Further, both factors did not have the ability to proliferate against fibroblasts (FIG. 13B), and it was confirmed that the VEGF production inducing activity seen in FIG. 13A was not due to the proliferation of fibroblasts.
From the above, even in human-derived fibroblasts, a cell sheet containing fibroblasts stimulated by transforming growth factor or platelet-derived growth factor is a very useful invention as a transplant material for treatment of intractable skin ulcer. It became clear.
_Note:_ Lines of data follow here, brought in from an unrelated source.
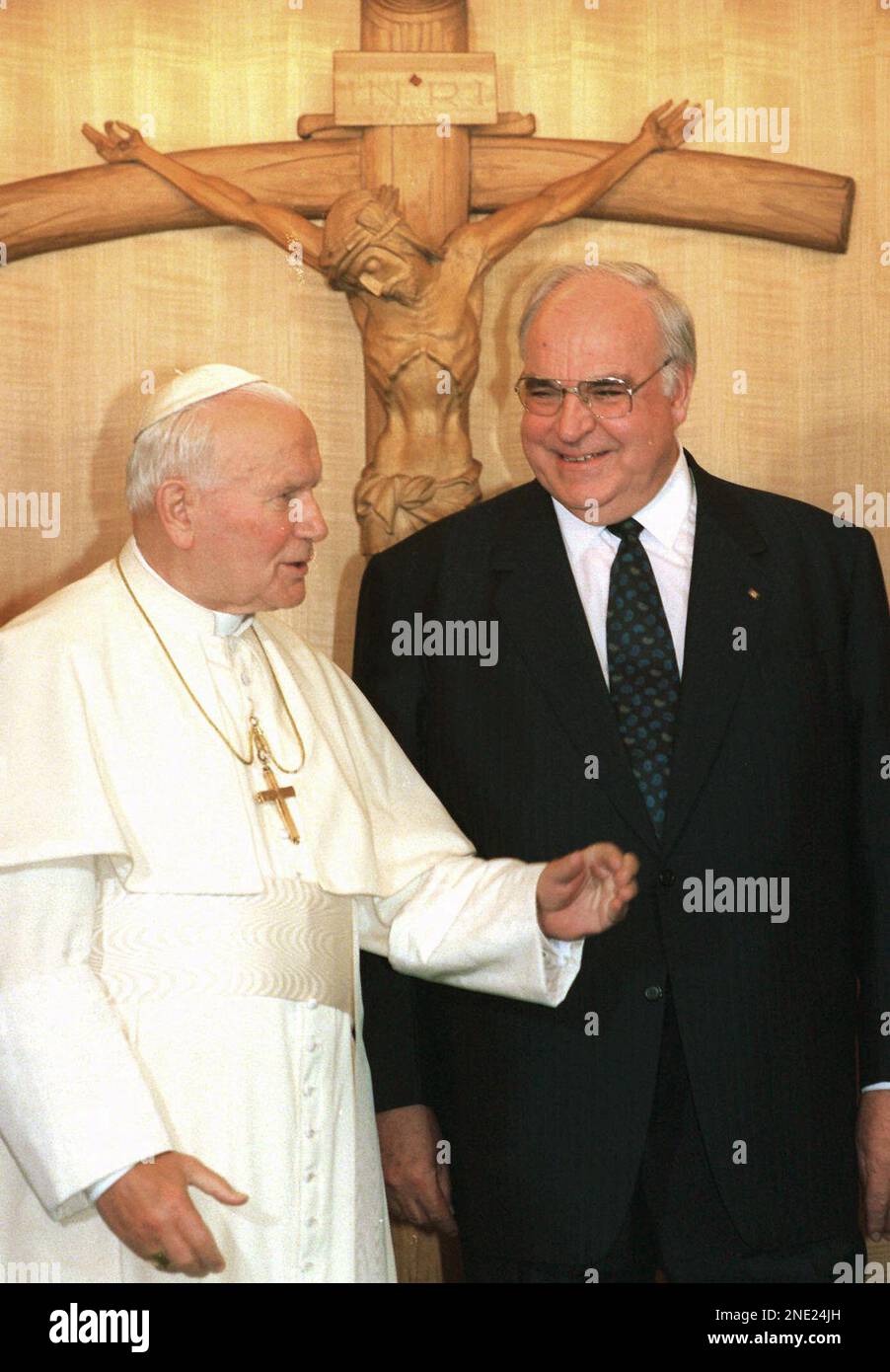 ARCHIV Papst Johannes Paul II., links, und Bundeskanzler Helmut Kohl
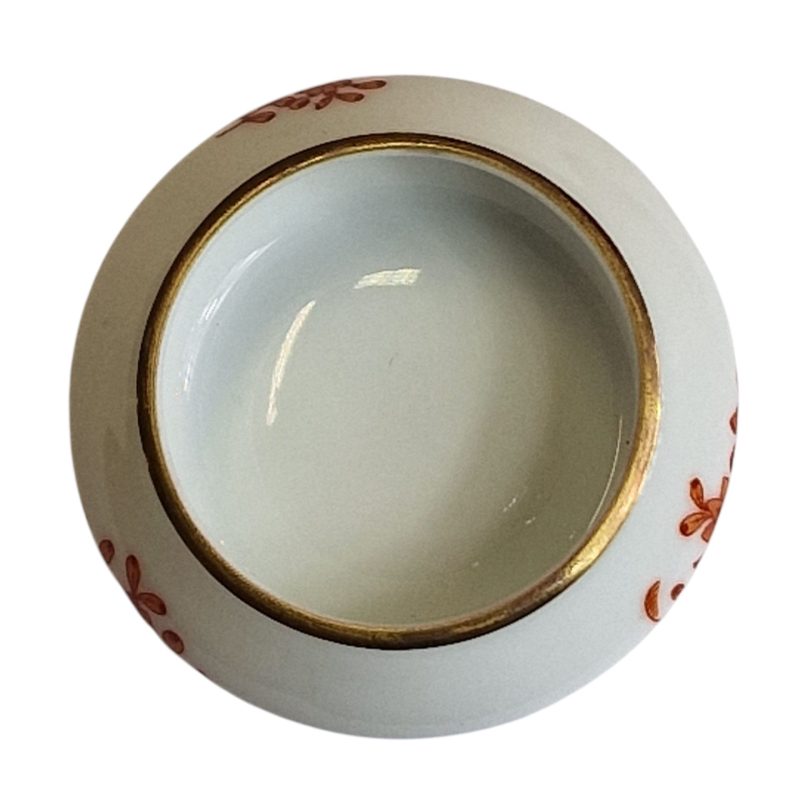 Pote em porcelana Herend com flor no topo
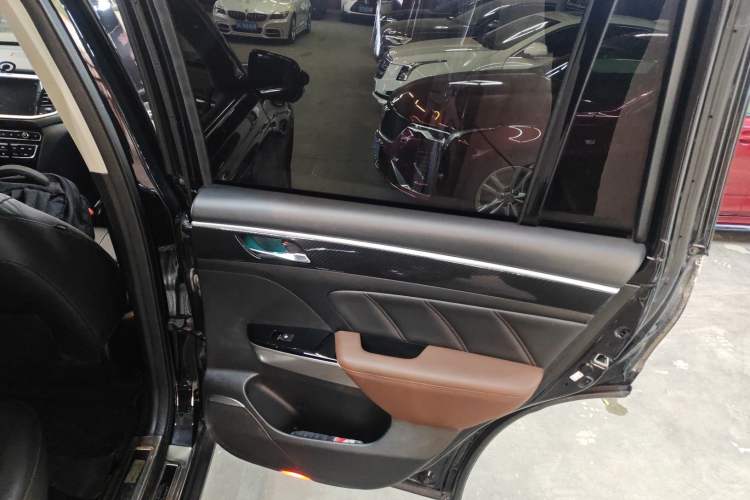 Used GAC Trumpchi GS7 2017 320T Four-Wheel Drive Luxury Smart Connectivity Model Interior 6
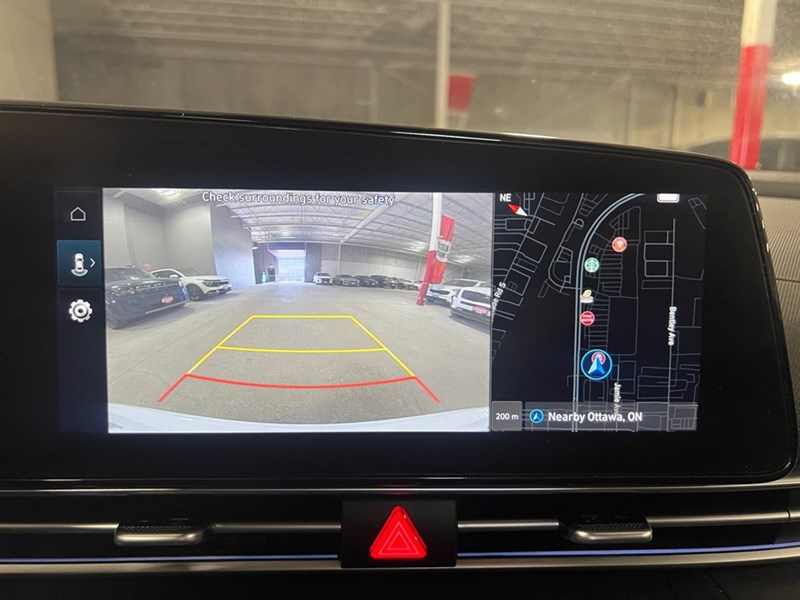 2025 Hyundai Elantra Luxury IVT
  The present invention provides a cell sheet that significantly increases the production amount of blood vessel growth factor that plays an important role in angiogenesis, and induces a significant increase in the healing rate of the wound site by transplantation to the skin wound site. To the medical field related to transplantation, especially in intractable skin ulcers, and in addition, peripheral blood mononuclear cells and fibroblasts from patients undergoing transplantation (both can be collected minimally invasively) The produced cell sheet is extremely useful in that it does not cause immune rejection and greatly contributes to the development of the medical field.

Claims (9)

  A transplant material for treating refractory skin ulcer, comprising a cell sheet containing peripheral blood mononuclear cells and fibroblasts.   The cell sheet according to claim 1, wherein the peripheral blood mononuclear cells and / or the fibroblasts are obtained from an individual suffering from intractable skin ulcer, which is a subject to be treated. A transplant material for the treatment of refractory skin ulcers.   A transplant material for the treatment of intractable skin ulcer, comprising the cell sheet according to claim 1 or 2, which is produced by co-culturing peripheral blood mononuclear cells and fibroblasts.   Peripheral blood mononuclear cells 5.0 x 10 ⁴ Piece / cm ² ~ 1.5x10 ⁶ Piece / cm ² And seeded fibroblasts with 1.0 × 10 ⁴ Piece / cm ² ~ 1.5x10 ⁵ Piece / cm ² The transplant material for treatment of refractory skin ulcer containing the cell sheet according to claim 3, wherein the co-culture is carried out by seeding with a cell.   5. The transplant material for refractory skin ulcer treatment containing the cell sheet according to claim 3 or 4, wherein the co-culture is started by simultaneously seeding peripheral blood mononuclear cells and fibroblasts.   The transplant material for treating refractory skin ulcer containing the cell sheet according to any one of claims 1 to 5, wherein the cell sheet is cultured for a predetermined period of time under low temperature and low oxygen conditions. A method for producing a cell sheet comprising the following steps (d) to (e):
(D) co-culturing peripheral blood mononuclear cells and fibroblasts on a culture substrate to form a cell sheet containing the cells,
(E) Step of peeling the cell sheet from the culture substrate Before the step (d),
(D0) a step of obtaining peripheral blood mononuclear cells and / or fibroblasts from an individual suffering from intractable skin ulcer, which is a subject to be treated;
The method of manufacturing the cell sheet of Claim 7 containing this. Between the steps (d) and (e),
(D2) a step of culturing the cell sheet of step (d) for a predetermined period under low temperature and low oxygen conditions;
The method of manufacturing the cell sheet of Claim 7 or 8 containing this.